The guards of the criminal general beat up the offender and ordered him to pay $ 500 thousand including a penalty for disobedience. Soon, Johnny's wife brought half of the amount and he was let go. He also was persistent in his plans not to pay up the second part of the debt, but Taro’s people insisted. And then the FSB, whose staff tapped phones of Oniani and members of his clan, found out about this situation.

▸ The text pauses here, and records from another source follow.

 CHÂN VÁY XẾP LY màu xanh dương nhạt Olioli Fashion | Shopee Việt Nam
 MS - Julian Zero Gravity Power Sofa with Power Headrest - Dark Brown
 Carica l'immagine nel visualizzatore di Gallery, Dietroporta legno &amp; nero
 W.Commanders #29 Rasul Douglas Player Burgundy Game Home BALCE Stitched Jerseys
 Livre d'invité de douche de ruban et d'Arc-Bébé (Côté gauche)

Counterintelligence caught Johnny, after which he immediately filed a claim against the kingpin. Otherwise, Managadze would have been put in jail. Once there is a man, it is easy to have a case against him. It was Moscow police and UFSB in Moscow and Moscow region who performed the arrest of Oniani. On June 10, 2009 he was seized in his own cottage, situated in the prestigious village of Gorki-2. A FSB colonel immediately tried to stand up for Taro, to whom he was the agency’s curator, but he had no success. Among the staff of the counter-intelligence agency there were more people sympathetic to Grandpa Khassan and many had a higher rank.


Taro's arrest

After the arrest, the FSB spent almost five hours talking with Oniani and explaining to him how wrong he was. Later, during the investigation, the Investigation Committee of the Russian Federation held a formal interrogation of Taro in the framework of cases against Boris Berezovsky (concerning the poisoning of Aleksander Litvinenko, a former FSB officer) and Dmitry Baranovsky, former Solntsevskaya gang kingpin.

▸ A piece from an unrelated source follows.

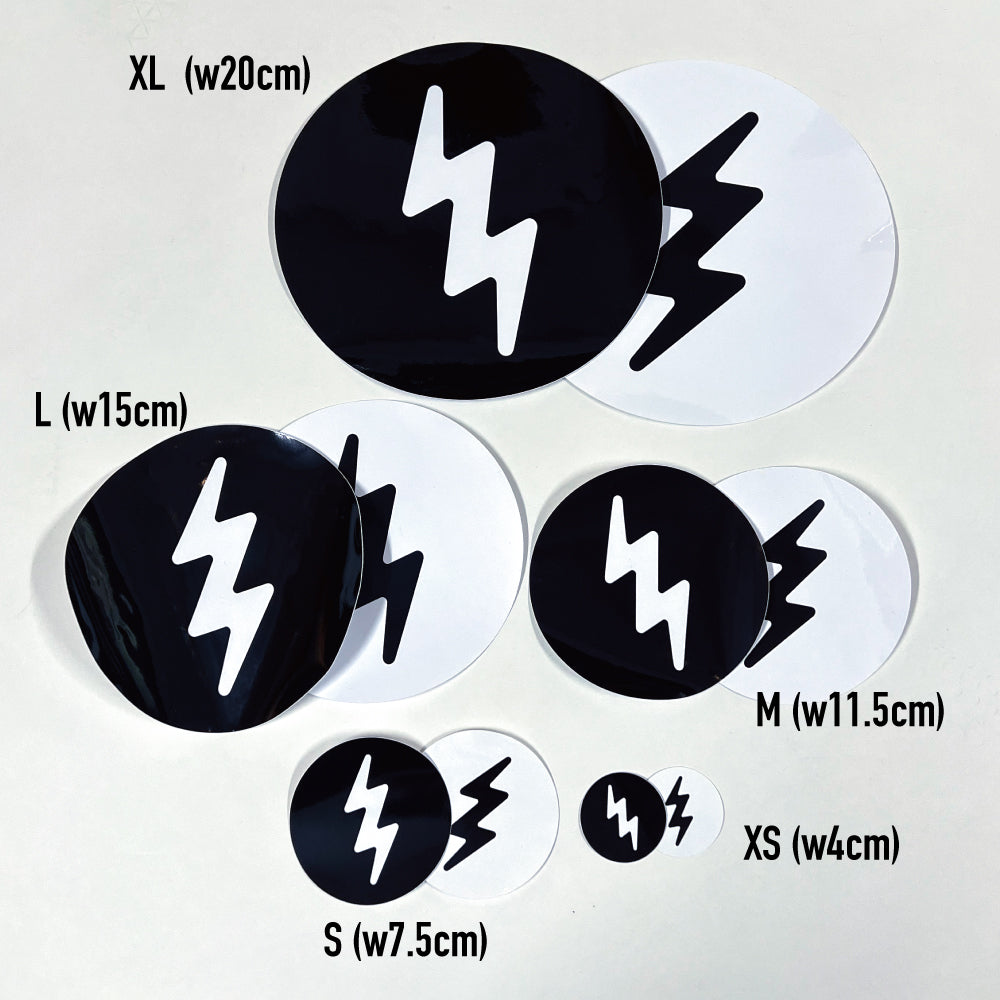 ICON LOGO STICKER- S (w7.5cm)【2色展開】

It quickly became clear that Oniani would not be released soon. He was sentenced to 10 years in prison for kidnapping and extortion. Temporarily, Merab Dzhangveladze took the reins of power. In the criminal world he is considered one of the most hateful thieves in law. According to the gangsters, Merab does not look physically developed, but he wind up easy and fights desperately using all items available at hand. They say, he may even bite into the opponent's throat. He has the same position in life, that is, to cut the opponent's throat by any means.

The kingpin has a brother, Levon, who does business in Georgia and has a large team of killers and militants. In addition, Merab Dzhangveladze is an excellent strategist who knows exactly how to carry out a positional struggle in the criminal world. As a result, he worked out a strategy of war with Grandpa Khassan which looks perfect so far.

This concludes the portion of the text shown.